その3年生ですら長谷川さんのことをよく知らなかった。当然、村上晃一もまったく知らない。
誰も我々のこともラグビーのことも知らない前提で話さなければいけないと覚悟した。講演が始まる。
まずは長谷川さんがラグビー人生を語った。京都市立七条中学の1年生でラグビーを始めた長谷川さんは体が小さかった。
それでも日本代表入りを夢に描いた。東山高校時代は体を大きくするためにとにかく食べた。お母さんに作ってもらった弁当を2つ、牛乳を4本カバンに詰め込み、必死で体を大きくした。
スポーツ推薦で中央大学に進学。高校でも大学でも日本代表を目指して体を作り、トレーニングに励んだが、なんの代表にも選ばれなかった。
大学卒業後はサントリーに入社。ポジションはHO(2番)だったが、2年目に法政大学時代から日本代表に選ばれていた坂田正彰さんが加入する。

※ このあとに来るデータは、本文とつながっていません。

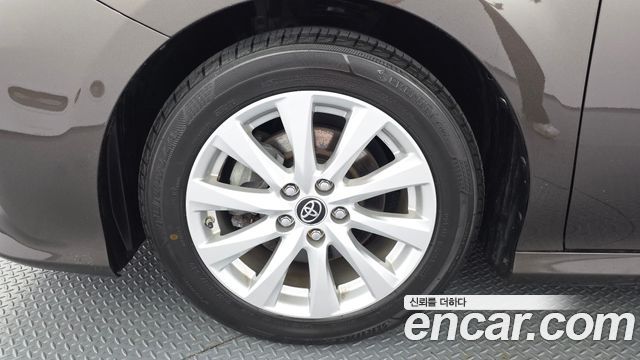 Toyota Camry 2019 — photo 5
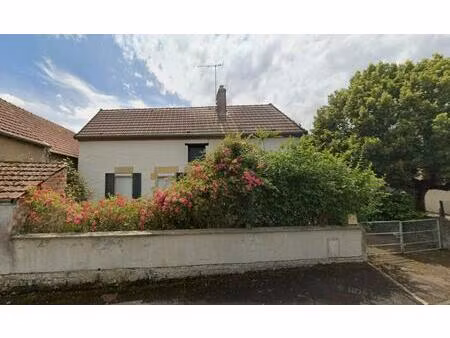 magny-cours - maison de plain pied  3 chambres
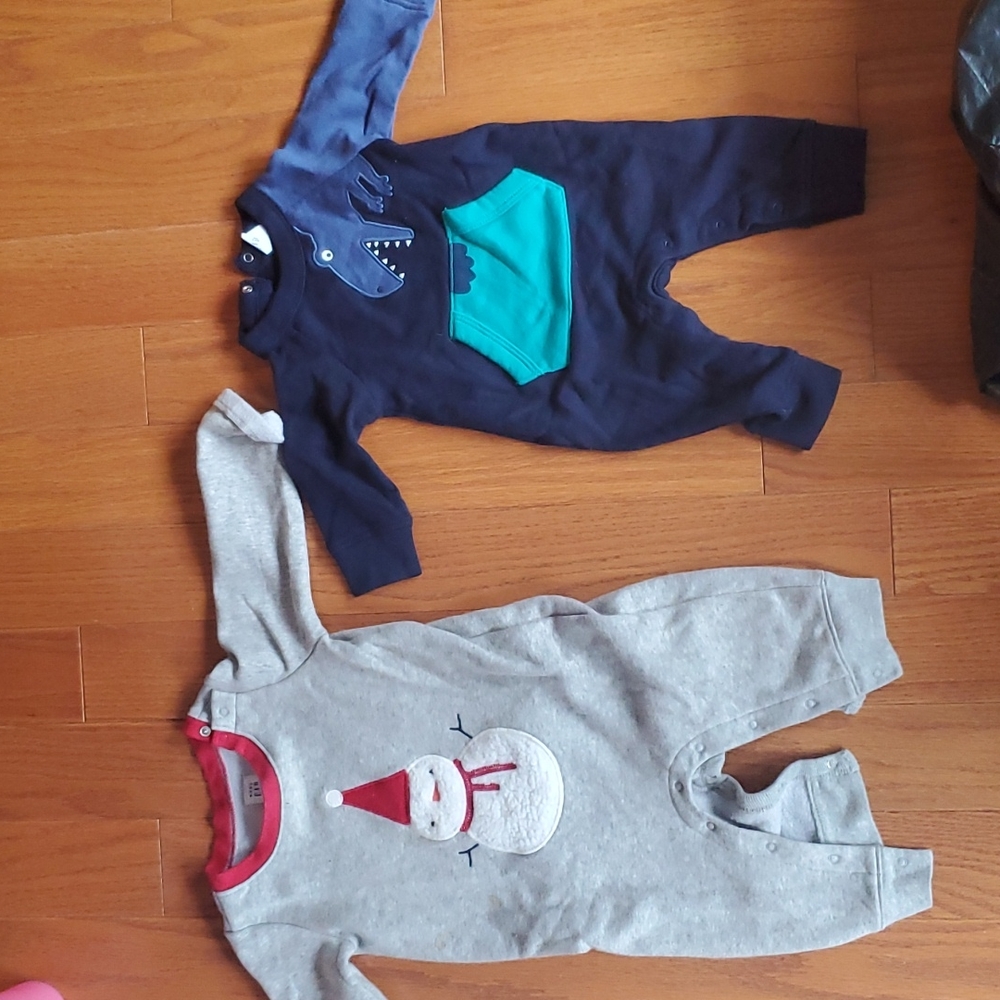 Bundle of two baby gap long sleeve one pieces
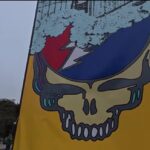Hàng chục ngàn người hâm mộ nhạc Grateful Dead gây kẹt xe, khó khăn chỗ đậu xe ở San Francisco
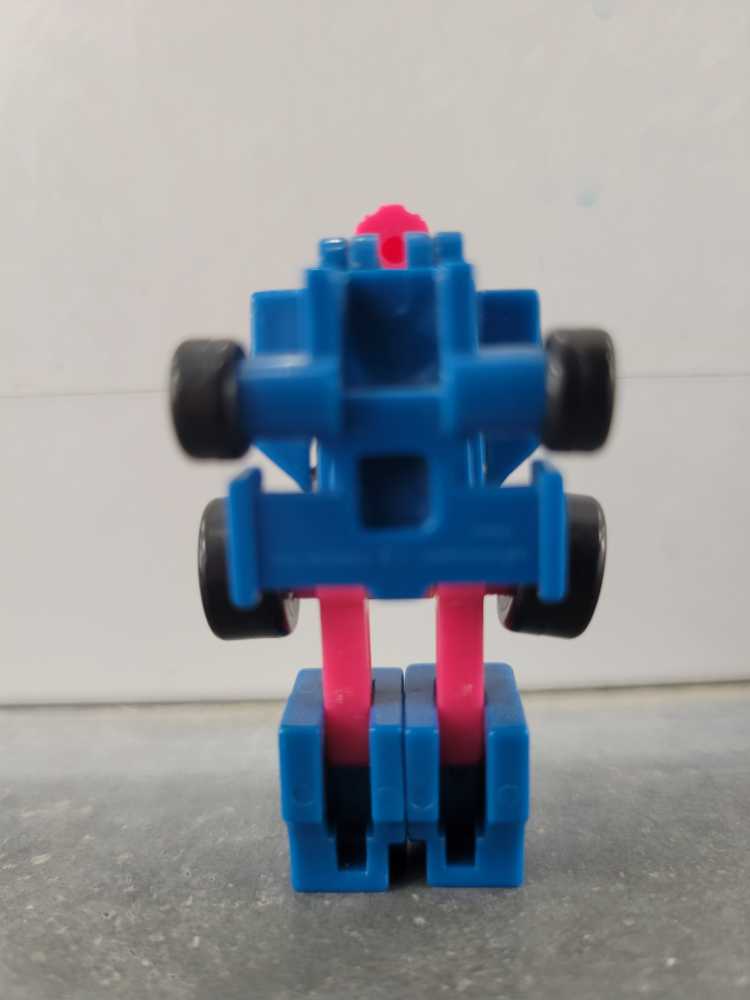 Barricade Race Track Patrol Micromaster  - Hasbro (1990) action figure collectible - Main Image 3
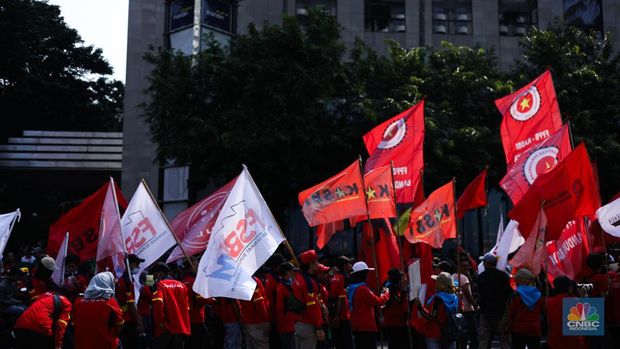 Ribuan buruh melakukan long march menuju kawasan Patung Kuda, Jakarta, Kamis (10/8/2023).  (CNBC Indonesia/Tri Susilo)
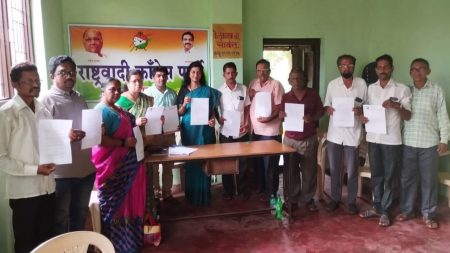 वेंगुर्ले तालुक्यातील राष्ट्रवादीचे सर्व पदाधिकारी शरद पवारांसोबतच !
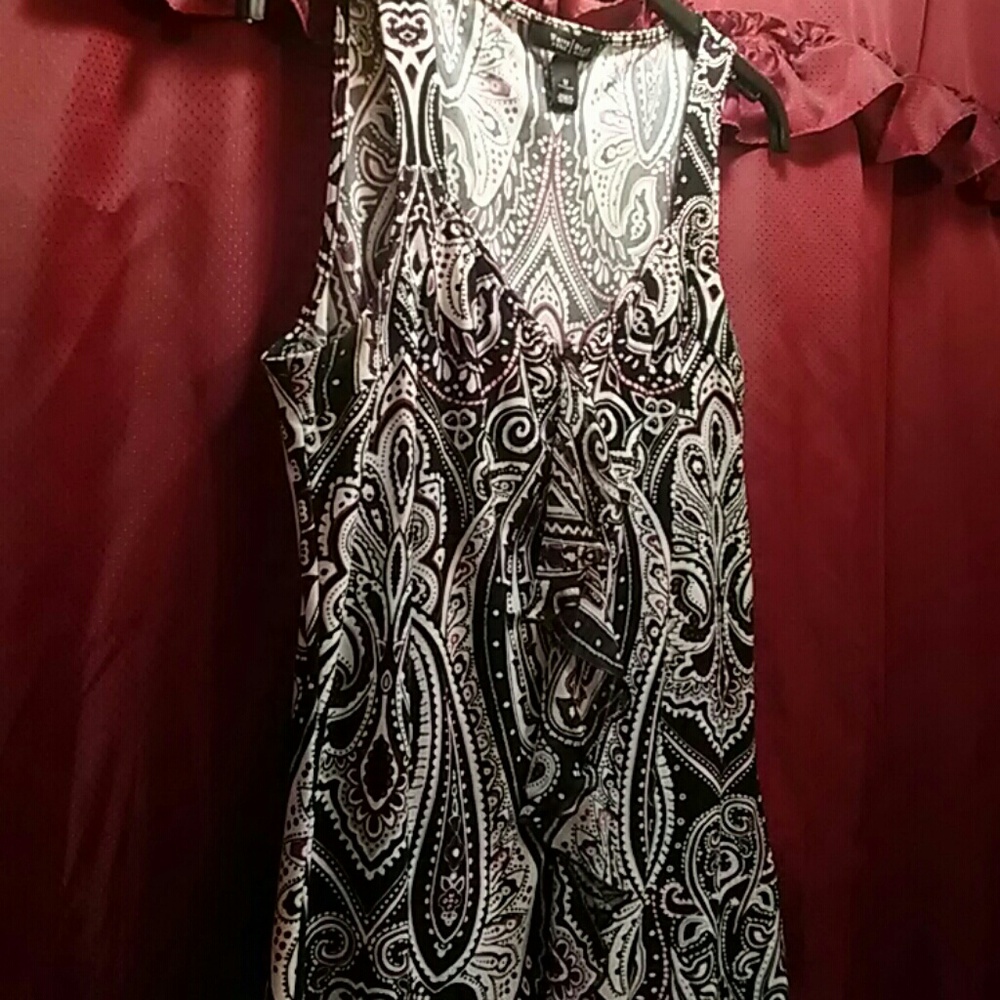 White house black market blouse - Picture 2 of 5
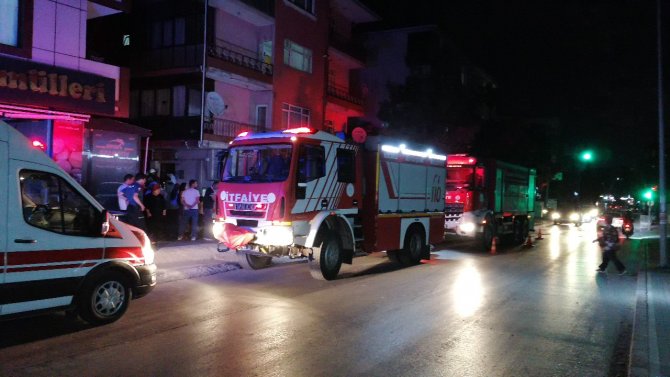 Kömürlükte Çıkan Yangında 1 Kişi Dumandan Etkilendi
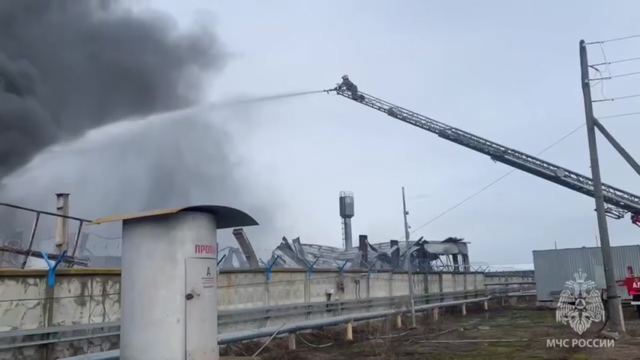 Крупный пожар на производстве в поселке Приволжский полностью потушили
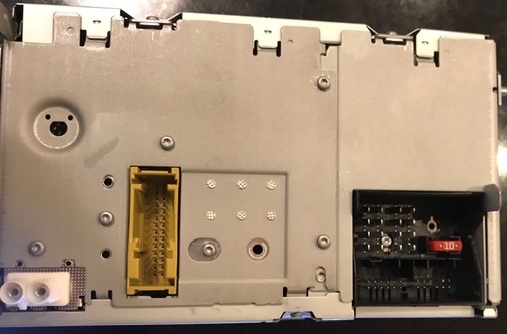Adapter do uruchomienia tylnej fabrycznej kamery cofania SKODA, VW RNS510,RNS315,Columbus,RCD510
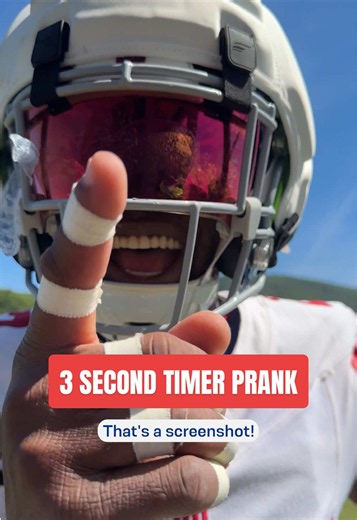 Giants 3 Second Timer Prank on Football Players — Funny NFL Sideline Prank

長谷川さんは1番のPRにポジションを変えた。初めて選ばれたのは関東代表だった。
カナダ遠征で日本代表戦の前座試合に出場したところ、帰国後、空港からのバスに電話が入る。日本代表に合流せよ、との連絡だった。
いつ呼ばれても良いように努力を怠らなかった。だからこそチャンスが転がり込んだ。
そんな話なのだが、生徒の反応が薄いように感じられた。長谷川さんは「努力という言葉は恥ずかしいかもしれないね。準備と考えたらどうだろう」と優しく語り掛けた。
生徒の表情が変わり始めた。長谷川さんは日本代表プロップとしてRWCに2度出場し、引退後はプロのコーチとなった。
2009年、10年後に日本でRWCが開催されることが決まったとき、長谷川さんは、その舞台に日本代表コーチとして立つことを目標にした。
単身フランスに渡ってスクラム理論を学び、それを日本の選手に合うように研究を重ねた。周到な準備があったからこそ、夢がかなったのだ。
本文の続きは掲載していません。